Rapport 2013
La situation des droits humains dans le monde

Communiqués de presse

19 janvier 2012

Il faut que l'Ukraine libère des demandeurs d'asile somaliens

Amnesty International demande aux autorités ukrainiennes de relâcher des ressortissants somaliens, qui observent actuellement une grève de la faim afin de protester contre leur placement en détention pour une période pouvant atteindre un an « en vue d'une expulsion », à la suite d'une décision de justice rendue en décembre 2011.

Une soixantaine de Somaliens – parmi lesquels figureraient jusqu'à 20 mineurs – mènent cette grève de la faim au centre pour migrants de Jouravitchi, dans l'ouest du pays, où ils sont actuellement incarcérés.

Ils ont été appréhendés par la police fin décembre 2011, puis placés en détention en raison de leur présence illégale sur le territoire ukrainien.

« Les Somaliens se trouvant en Ukraine sont conduits au désespoir par les arrestations et le harcèlement policier, constants, ainsi que par un système d'asile qui ne les protège pas », a déclaré Heather McGill, spécialiste de l'Ukraine à Amnesty International.

« Tout le monde sait – la police, le ministère de l'Intérieur et les Somaliens eux-mêmes – qu'ils ne seront jamais expulsés. Ils ont besoin de protection – et y ont droit –, pas de châtiments à répétition pour avoir fui la famine et la guerre. »

« Nombre d'entre eux essaient de gagner l'Union européenne en passant la frontière, avant d'être renvoyés en Ukraine. Beaucoup ont été incarcérés à plusieurs reprises " en vue d'une expulsion " au centre pour migrants de Jouravitchi. »

Dans une lettre au ministre ukrainien de l'Intérieur, Amnesty International a exhorté les autorités ukrainiennes à honorer leurs obligations en veillant à ce que ces Somaliens puissent bénéficier d'une procédure d'asile, ainsi que d'une protection complémentaire s'ils ne peuvent être reconnus comme réfugiés.

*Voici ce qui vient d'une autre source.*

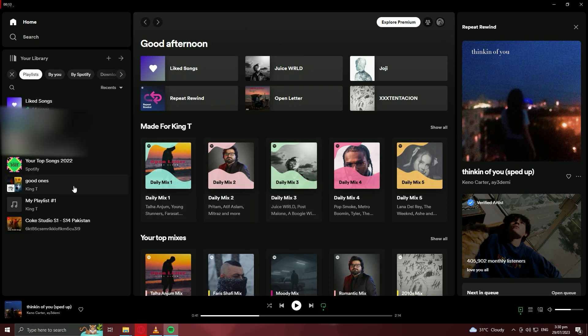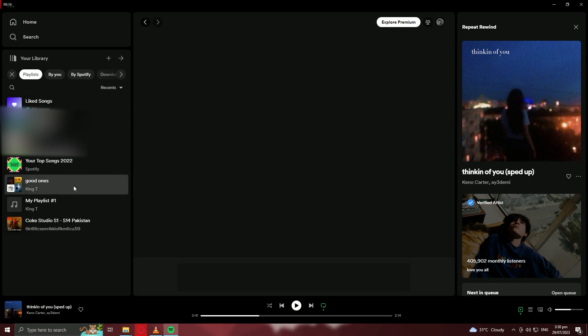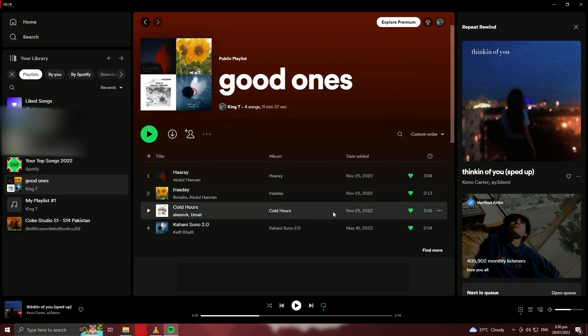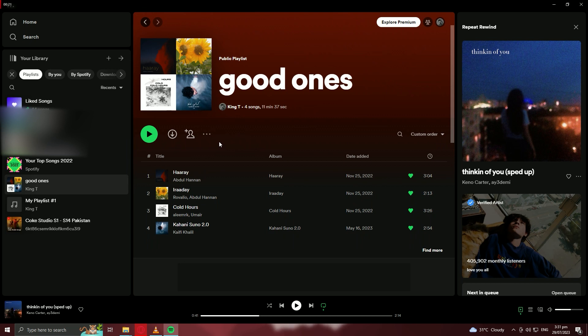Choose a playlist or album that you want to listen to without ShufflePlay. You can either select one from your playlists or search for an album. Tap on the playlist or album to open it, then tap on the first song to start playing it.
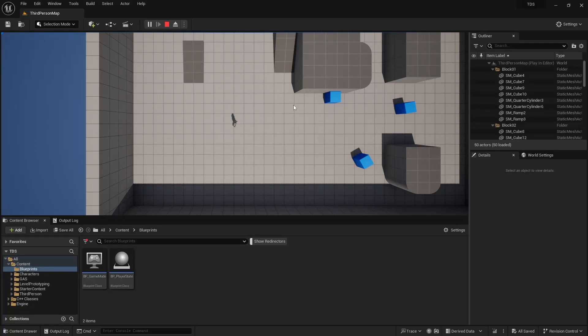Hello, and welcome to Let's Make a Top-Down Shooter. This video is about setting up the Weapon class and allowing it to give abilities when equipped.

Sultan Haib, l'un des ressortissants somaliens se trouvant actuellement à Jouravitchi, a déclaré à Amnesty International que la détention en vue d'une expulsion était absurde :
« Personne ne rentre au pays et personne ne vous expulse. Au bout de 12 mois, ils vous laissent sortir. Nous ne sommes pas des criminels. Pourquoi le gouvernement nous traite-t-il comme ça ? »

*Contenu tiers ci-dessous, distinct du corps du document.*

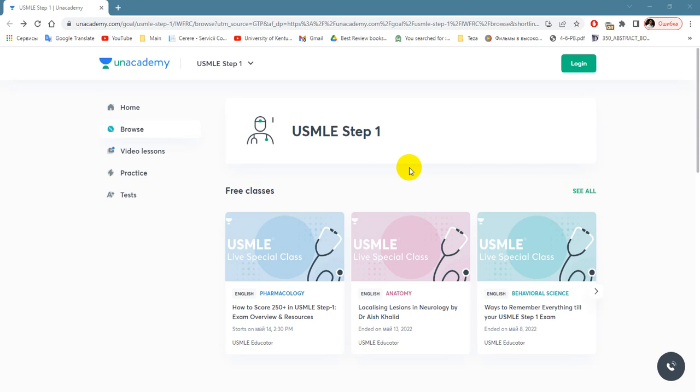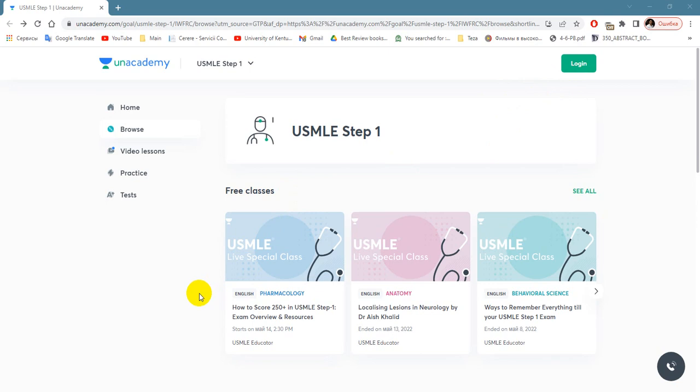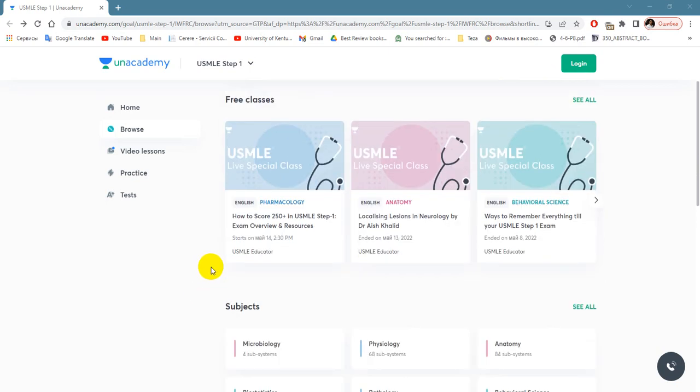Step 1 for preparation. You can make a login or registration if you're here for the first time and even try for free many classes like how to score, which sources to use, or what is the content of the exam.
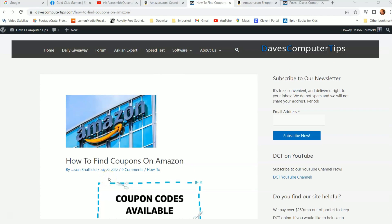Hi, this is Jason with Dave's Computer Tips with another how-to video for you. This one's on how to find coupons on Amazon. Amazon has coupons already built into a lot of their products, and I'm going to show you where that's located on your Amazon account. I'll be showing this on Amazon.com first, and then I'll do another video showing you how to do it on the app. We're going to start with the actual website first.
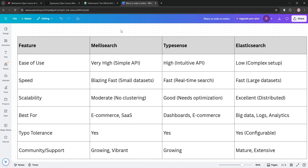Which is best? Choose MeiliSearch for fast, user-friendly search in smaller projects; TypeSense for flexible, real-time search in mid-sized apps; or Elasticsearch for massive, complex datasets. Pick based on your project scale and team expertise. Got questions? Drop them below and subscribe for more tech comparisons. Bye!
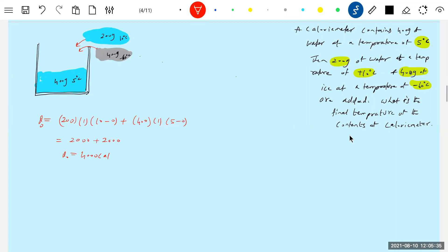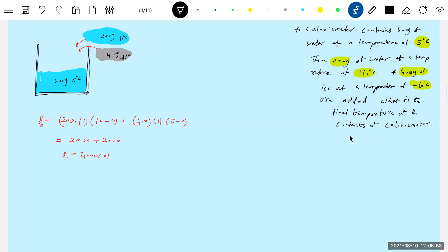Now with 4000 calories available, will this be sufficient for all the ice to melt? Let's check. Q1 — this should be compared to Q0. For 400 grams of ice, specific heat of ice is 0.5, warming from minus 60 to 0 degrees. I'm just cross-verifying — Q1 = 200 × 60 = 12,000 calories needed.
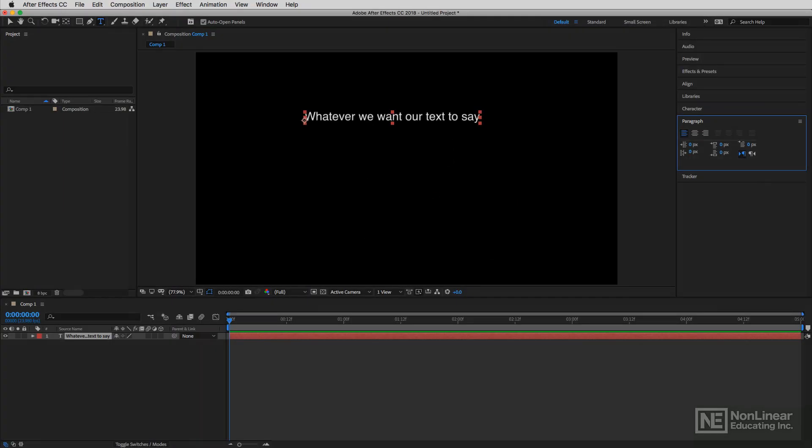I'm glad I have the text on the screen from the previous lesson because it's a good way to segue from what we were talking about with the type tool into what we're going to talk about in this lesson, and that is the character panel.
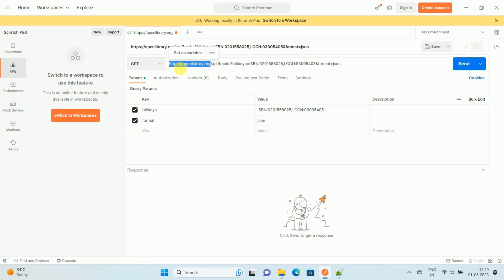The highlighted portion, that is https://openlibrary.org, this is the base URL of the API. So first of all, determine or select the base URL of your API. Once you know the base URL of your API, then copy that URL.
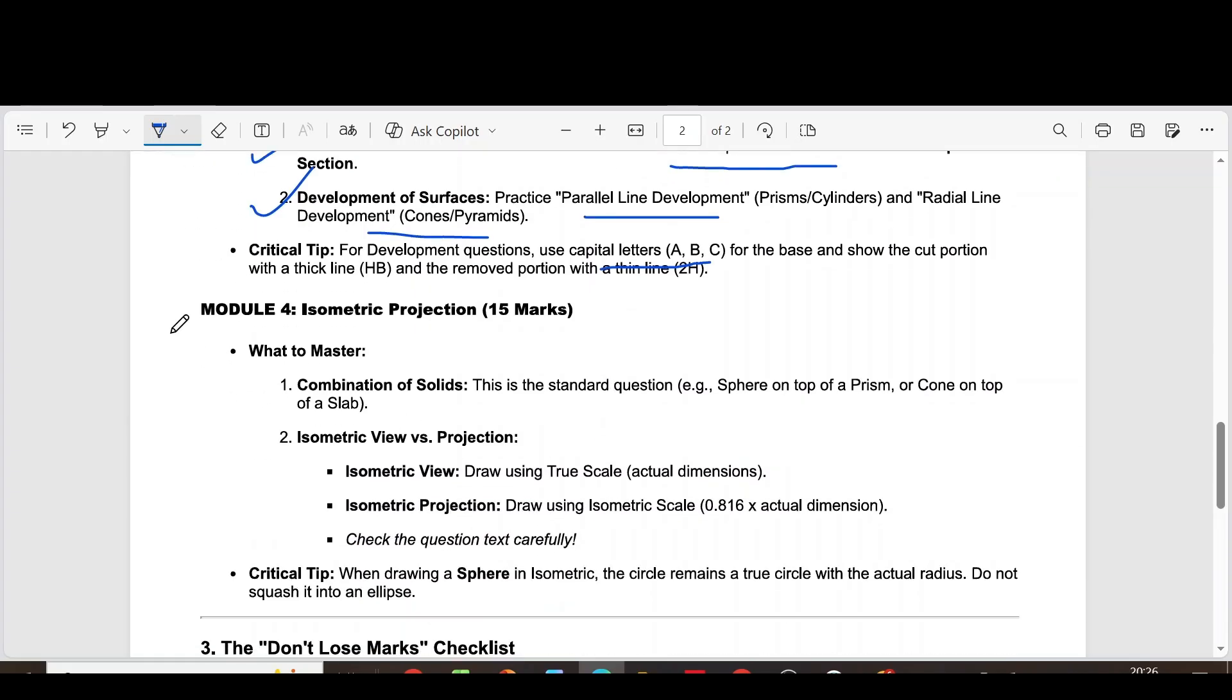Module 4, isometric projection. The first question is combination of solids. This is a standard question, sphere on top of a prism or cone on top of a slab.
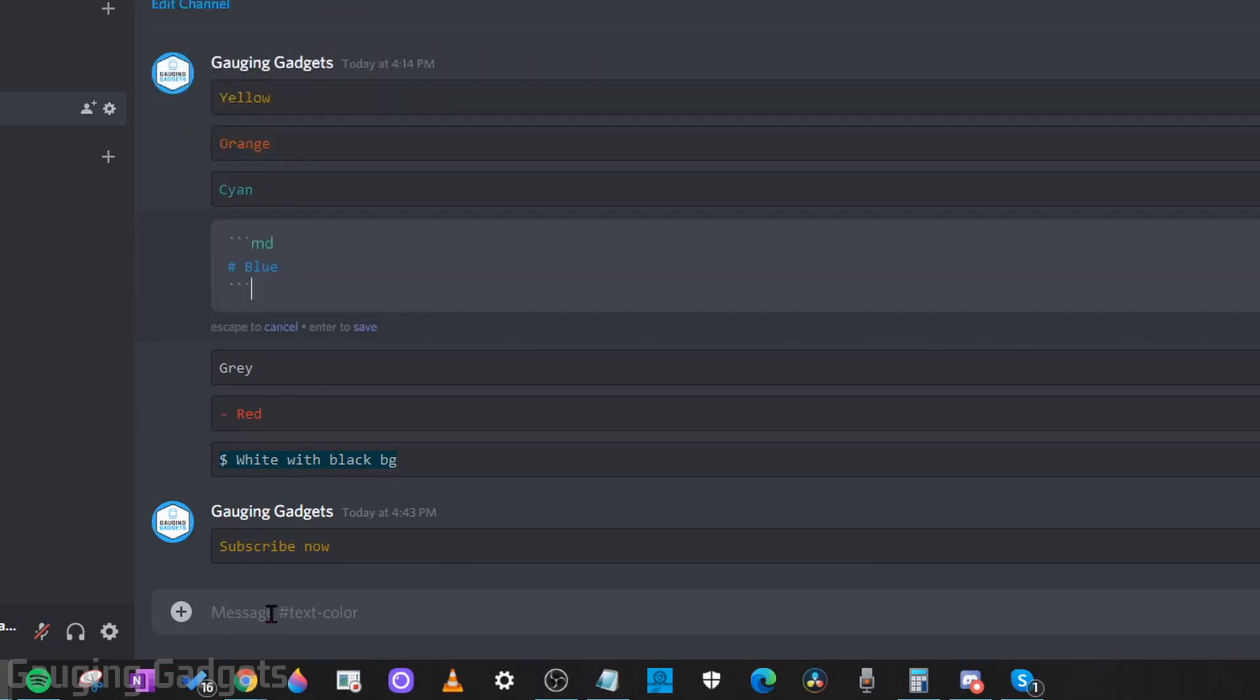And while we're going over it, I'll type it down here in the message box. So with blue, we start the same way, three back quotes. Then we type MD, then the enter button on our keyboard.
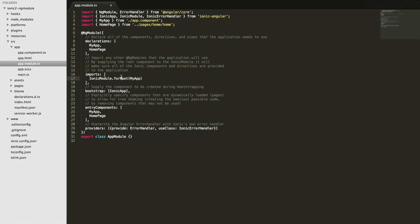And then we have the imports, which we've already discussed, that's for importing other ng modules. It shouldn't be confused with say imports like this, you can't import normal classes or anything else into here, it's only for importing ng modules.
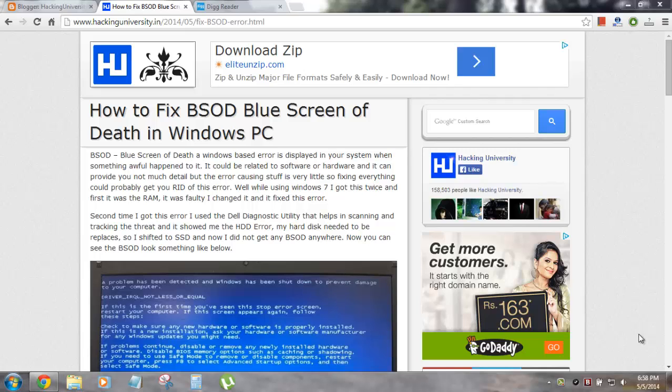Hello everyone, Arjay here with Hacking University and today I will be showing you how you can fix or resolve your BSOD blue screen of death error in Windows 7, Windows 8 or Windows XP.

« Des mineurs font partie des détenus. Les mineurs ne doivent être incarcérés qu'en dernier recours et les demandeurs d'asile mineurs non accompagnés sont particulièrement vulnérables et doivent se voir offrir une protection supplémentaire », a ajouté Heather McGill.

« Il ne peut être question de systématiquement renvoyer ces Somaliens dans leur pays, où le conflit armé en cours mettrait leur vie en danger. En vertu du droit international, l'Ukraine a l'obligation de s'abstenir de renvoyer quiconque dans un pays où cette personne risquerait d'être victime de graves violations des droits humains. »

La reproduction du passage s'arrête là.